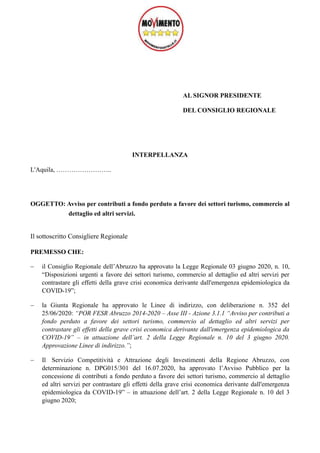 AL SIGNOR PRESIDENTE
DEL CONSIGLIO REGIONALE
INTERPELLANZA
L'Aquila, ……………………..
OGGETTO: Avviso per contributi a fondo perduto a favore dei settori turismo, commercio al
dettaglio ed altri servizi.
Il sottoscritto Consigliere Regionale
PREMESSO CHE:
− il Consiglio Regionale dell’Abruzzo ha approvato la Legge Regionale 03 giugno 2020, n. 10,
“Disposizioni urgenti a favore dei settori turismo, commercio al dettaglio ed altri servizi per
contrastare gli effetti della grave crisi economica derivante dall'emergenza epidemiologica da
COVID-19”;
− la Giunta Regionale ha approvato le Linee di indirizzo, con deliberazione n. 352 del
25/06/2020: “POR FESR Abruzzo 2014-2020 – Asse III - Azione 3.1.1 “Avviso per contributi a
fondo perduto a favore dei settori turismo, commercio al dettaglio ed altri servizi per
contrastare gli effetti della grave crisi economica derivante dall'emergenza epidemiologica da
COVID-19” – in attuazione dell’art. 2 della Legge Regionale n. 10 del 3 giugno 2020.
Approvazione Linee di indirizzo.”;
− Il Servizio Competitività e Attrazione degli Investimenti della Regione Abruzzo, con
determinazione n. DPG015/301 del 16.07.2020, ha approvato l’Avviso Pubblico per la
concessione di contributi a fondo perduto a favore dei settori turismo, commercio al dettaglio
ed altri servizi per contrastare gli effetti della grave crisi economica derivante dall'emergenza
epidemiologica da COVID-19” – in attuazione dell’art. 2 della Legge Regionale n. 10 del 3
giugno 2020;
 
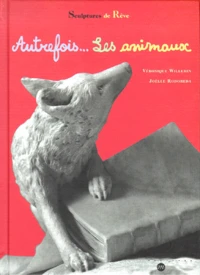 Autrefois... Les Animaux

> **Work instruction**: Write the lines out exactly, beginning at the line that holds "determinazione n. DPG015/301" and stopping after the last line of the entries; include no pictures.

> **Problem solution**:
determinazione n. DPG015/301 del 16.07.2020, ha approvato l’Avviso Pubblico per la
concessione di contributi a fondo perduto a favore dei settori turismo, commercio al dettaglio
ed altri servizi per contrastare gli effetti della grave crisi economica derivante dall'emergenza
epidemiologica da COVID-19” – in attuazione dell’art. 2 della Legge Regionale n. 10 del 3
giugno 2020;
 
 Autrefois... Les Animaux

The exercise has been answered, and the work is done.